Öldürüldükten sonra ise... BILD "Aynı resmi bastı" ve altına İsmail'in "Uyuşturucuyla, haraç çeteleriyle bağlantısı olduğunu" yazdı.
Bir başka örnek...
Abdurrahim Özüdoğru, gündüzleri saat fabrikasında çalışıyor, akşamları da terzi dükkânında eşine yardım ediyordu.
Nürnberg'de, eşinin dükkânında başından vurularak öldürüldü.
Alman medyası, "Sıcağı sıcağına" yayına başladı...
"Uyuşturucu işindeydi... Mafya bağlantılıydı... Sevgilisi vardı."
Örnek çok... Hangisini yazalım?
Enver Şimşek... Süleyman Taşköprü... Mehmet Turgut... Halit Yozgat.

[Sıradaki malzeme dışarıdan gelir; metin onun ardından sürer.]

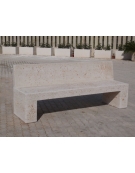 PANCHINA CON SCHIENALE IN CEMENTO SPESSORE CM 19 PER ARREDO URBANO - COLORE BIANCO TRAVERTINO - CM 220X60X90H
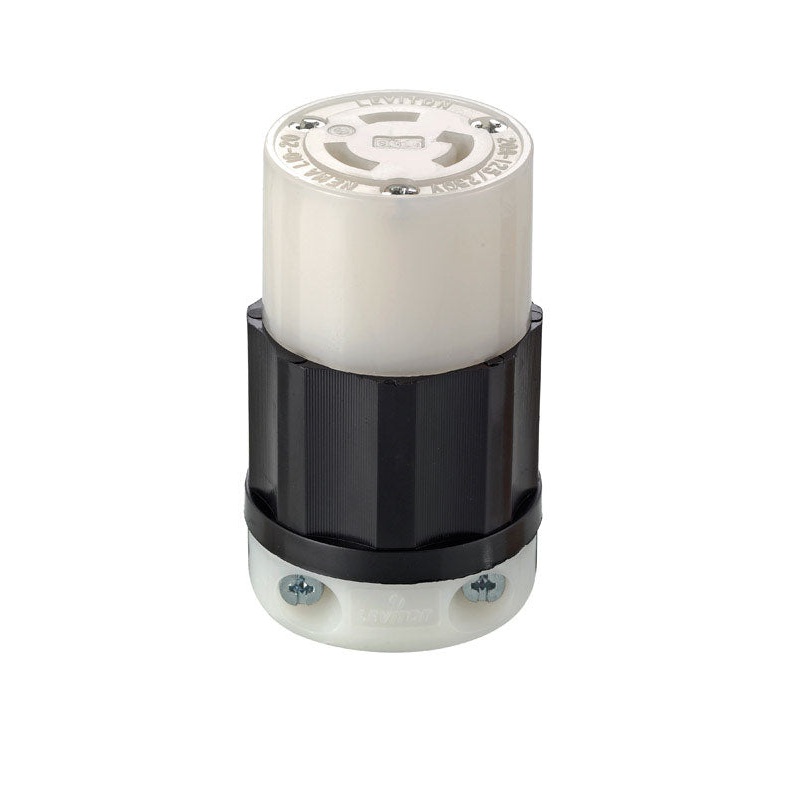 Leviton Industrial Nylon Non-Grounding Locking Connector L10-20R 16-10 AWG 3 Pole, 3 Wire Bla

"Susturuculu" tabancalarla...
"Başlarından" vurulup öldürülürken Almanya'daki Türkler "Panikleyip, can derdine" düşerken...
Almanlar neler demediler ki:
"Uyuşturucu... Mafya... Ülkücüler... Haraç çetesi... Kumar şebekesi... Bahis cephesi... Türk derin devletinin Almanya uzantısı... Türkler arasında iç hesaplaşma."
Dilerseniz, uzatmayalım ve sözü yine "Temel'e" bırakalım:
- Temel Bey, bütün bunlara ne diyorsunuz?
- Ne diyeyim?... Bunların yatacak yerleri yok.